İkinci Dünya Savaşı dönemi yansıtan güzel bir film... Film, Nazi bir ailenin şehirdeki evlerinden kırsal kesime taşınmalarıyla başlıyor. Küçük bir oğulları ve ergen de bir kızları var. Baba üst düzey bir askerken, anne ev hanımı. Taşındıkları evin hemen yanında bir kamp bulunuyor. Kadın kampta neler yaşandığını tam olarak bilmiyor ve filmin çeşitli sahnelerinde Nazilerin benimsediği politikayı da pek sevmediğini anlıyoruz. Bu arada adamın annesi de aynı şekilde düşündüğü için oğluyla görüşmüyor. Çocuklar evde eğitim almaya başlıyorlar ve evin genç kızının hemen beyni yıkanmaya başlarken, çocuk pek etkilenmiyor. Kız, Nazi posterleri asmaya başlıyor ve papağan gibi öğretmeninin söylediklerini tekrarlayıp duruyor. Annesi ise bundan rahatsız olup, eşine söylediğinde adam her çocuğun böyle bir eğitim aldığını söyleyip, kestirip atıyor. Neyse, küçük çocuk doğal olarak askerlerin arasında kendisine arkadaş bulamayıp kendi kendine eğlenmeye çalışırken, kampın sınırında kendi yaşlarında ufak ve "çizgili pijamalı" bir çocuk görüyor. Tanışıp, çitlerin ardından bir arkadaşlığa başlıyorlar. Bu esnada kadın yavaş yavaş olanları anlayıp (kampta insanların toplu olarak yakılması vs.) kocasından nefret etmeye başlıyor. Çocuksa hala olanlara bir anlam vermeye çalışıyor. Bir gün babasının hazırladığı düzmece bir videoyu tesadüfen gizlice izliyor ve kampın son derece eğlenceli bir yer olduğunu sanıyor. Kadın sonunda dayanamayı, çocukları da alıp gitmeye karar verdiğinde, çocuk arkadaşına veda etmeye gidiyor. Fakat onun babasının kayıp olduğunu öğrenip, ona yardımcı olmak için "sınırın" diğer yanına geçiyor. Ve sonunda her ikisi de kampta yakılıyor.

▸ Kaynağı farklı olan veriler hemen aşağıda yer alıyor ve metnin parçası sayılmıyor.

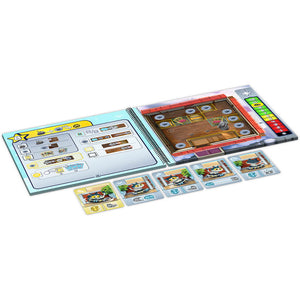 Quirky Circuits: Penny & Gizmo's Snowy Day Cooperative Coding Game - Plaid Hat (EX DEMO)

Dramatik ve vurucu bir sona sahip film... Aynı yaşlarda iki çocuğun bir sınırın ötesinden birbirlerine duyduğu yakınlık, bir adımlık bir uzaklıkta olmalarına rağmen aralarındaki uçurum, neler olduğunu ikisinin de anlamaması ve anlam vermeye çalışmalarının da bir sonuç vermemesi insanın içini acıtıyor. Evlerinin hemen yanından her gün yükselen dumanın ne olduğunu anladığında, kadına empati yapmak da insana kendini çok tuhaf hissettiriyor... Filmi neler olduğunu bilmiyor ve aile bireyleriyle birlikte öğrenip, anlamaya çalışıyor gibi izleyince daha da etkili oluyor. Film, "Yaktığın kendi oğlun olsaydı nasıl hissederdin?" sorusuna da cevap veriyor.